Where the line with "Loungewear Laflend" appears in the records below, start there and transcribe each line exactly through the last.

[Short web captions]
>>

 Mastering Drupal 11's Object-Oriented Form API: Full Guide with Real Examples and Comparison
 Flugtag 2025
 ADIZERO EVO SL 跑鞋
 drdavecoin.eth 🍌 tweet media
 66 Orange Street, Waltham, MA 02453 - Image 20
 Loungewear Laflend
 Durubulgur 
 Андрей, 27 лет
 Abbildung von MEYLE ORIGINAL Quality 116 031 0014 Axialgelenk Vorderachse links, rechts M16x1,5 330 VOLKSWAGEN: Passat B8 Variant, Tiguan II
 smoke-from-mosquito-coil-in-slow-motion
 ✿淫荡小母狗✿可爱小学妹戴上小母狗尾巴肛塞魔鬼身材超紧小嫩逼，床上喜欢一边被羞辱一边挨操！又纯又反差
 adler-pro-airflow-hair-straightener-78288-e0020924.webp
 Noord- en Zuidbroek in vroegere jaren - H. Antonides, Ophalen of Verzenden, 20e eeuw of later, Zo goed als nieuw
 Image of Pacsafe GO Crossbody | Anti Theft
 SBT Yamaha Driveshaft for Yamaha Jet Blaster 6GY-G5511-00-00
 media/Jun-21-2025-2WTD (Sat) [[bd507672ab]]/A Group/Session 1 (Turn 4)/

<<

Answer to this task:
 Loungewear Laflend
 Durubulgur 
 Андрей, 27 лет
 Abbildung von MEYLE ORIGINAL Quality 116 031 0014 Axialgelenk Vorderachse links, rechts M16x1,5 330 VOLKSWAGEN: Passat B8 Variant, Tiguan II
 smoke-from-mosquito-coil-in-slow-motion
 ✿淫荡小母狗✿可爱小学妹戴上小母狗尾巴肛塞魔鬼身材超紧小嫩逼，床上喜欢一边被羞辱一边挨操！又纯又反差
 adler-pro-airflow-hair-straightener-78288-e0020924.webp
 Noord- en Zuidbroek in vroegere jaren - H. Antonides, Ophalen of Verzenden, 20e eeuw of later, Zo goed als nieuw
 Image of Pacsafe GO Crossbody | Anti Theft
 SBT Yamaha Driveshaft for Yamaha Jet Blaster 6GY-G5511-00-00
 media/Jun-21-2025-2WTD (Sat) [[bd507672ab]]/A Group/Session 1 (Turn 4)/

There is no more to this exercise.